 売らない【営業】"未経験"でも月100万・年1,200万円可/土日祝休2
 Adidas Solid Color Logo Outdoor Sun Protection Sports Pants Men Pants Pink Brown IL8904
—————
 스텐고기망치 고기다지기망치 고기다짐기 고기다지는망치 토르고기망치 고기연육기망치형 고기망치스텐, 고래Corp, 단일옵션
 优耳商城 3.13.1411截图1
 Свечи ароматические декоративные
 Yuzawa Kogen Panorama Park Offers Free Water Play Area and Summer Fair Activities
—————
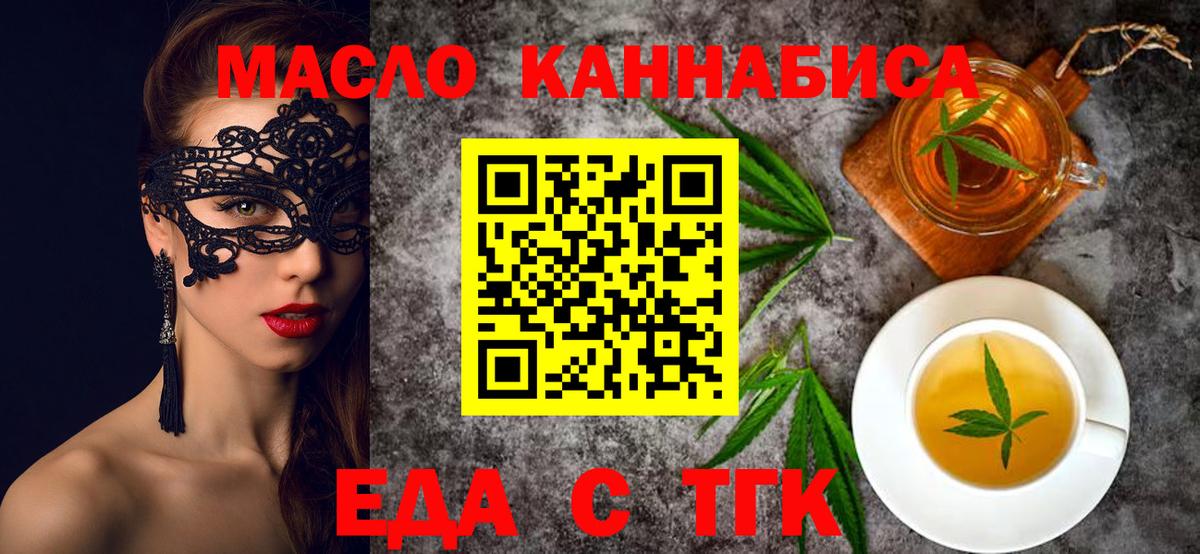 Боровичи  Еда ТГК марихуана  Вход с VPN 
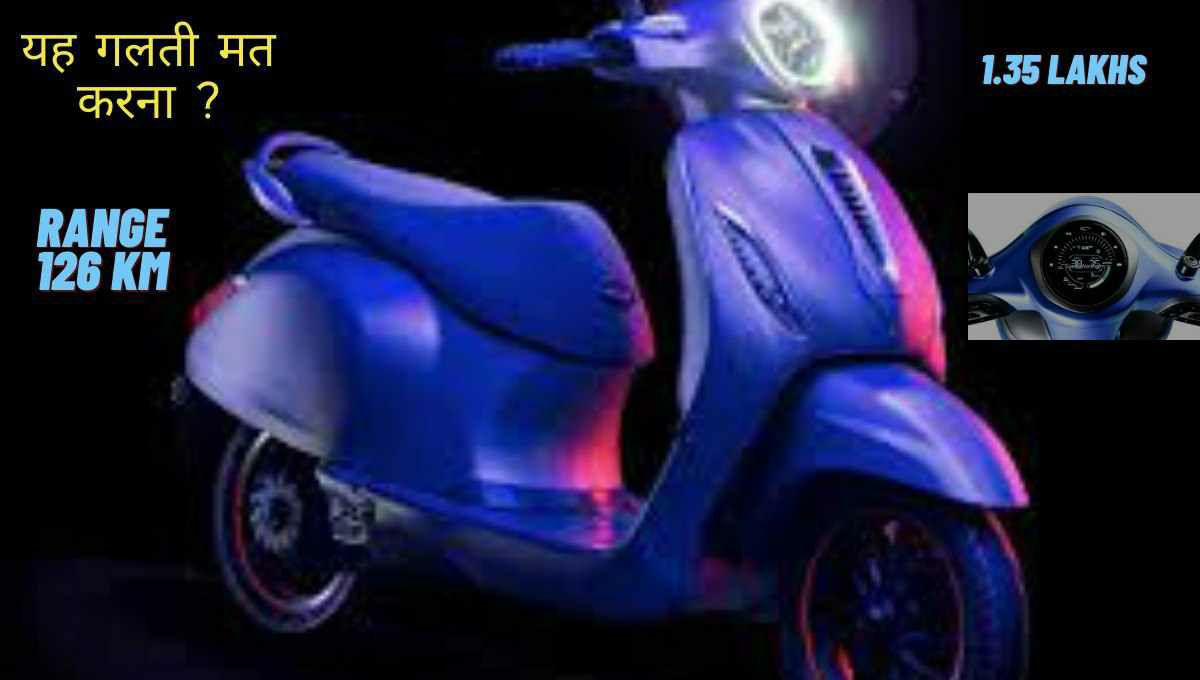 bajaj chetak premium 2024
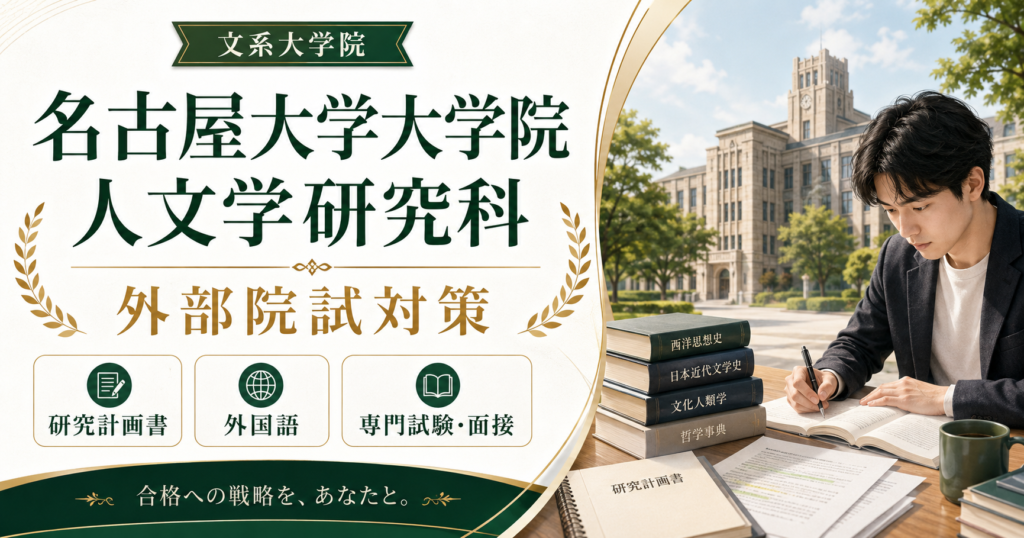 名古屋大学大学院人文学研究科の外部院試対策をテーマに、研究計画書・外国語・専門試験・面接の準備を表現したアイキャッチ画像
—————
- **INSTRUCTIONS FOR THE TASK**
Please reproduce exactly the lines in the listing above from the one containing "Свечи ароматические декоративные" through the one containing "Yuzawa Kogen Panorama", both included, and nothing more.

- **OUTPUT FOR THIS TASK**
 Свечи ароматические декоративные
 Yuzawa Kogen Panorama Park Offers Free Water Play Area and Summer Fair Activities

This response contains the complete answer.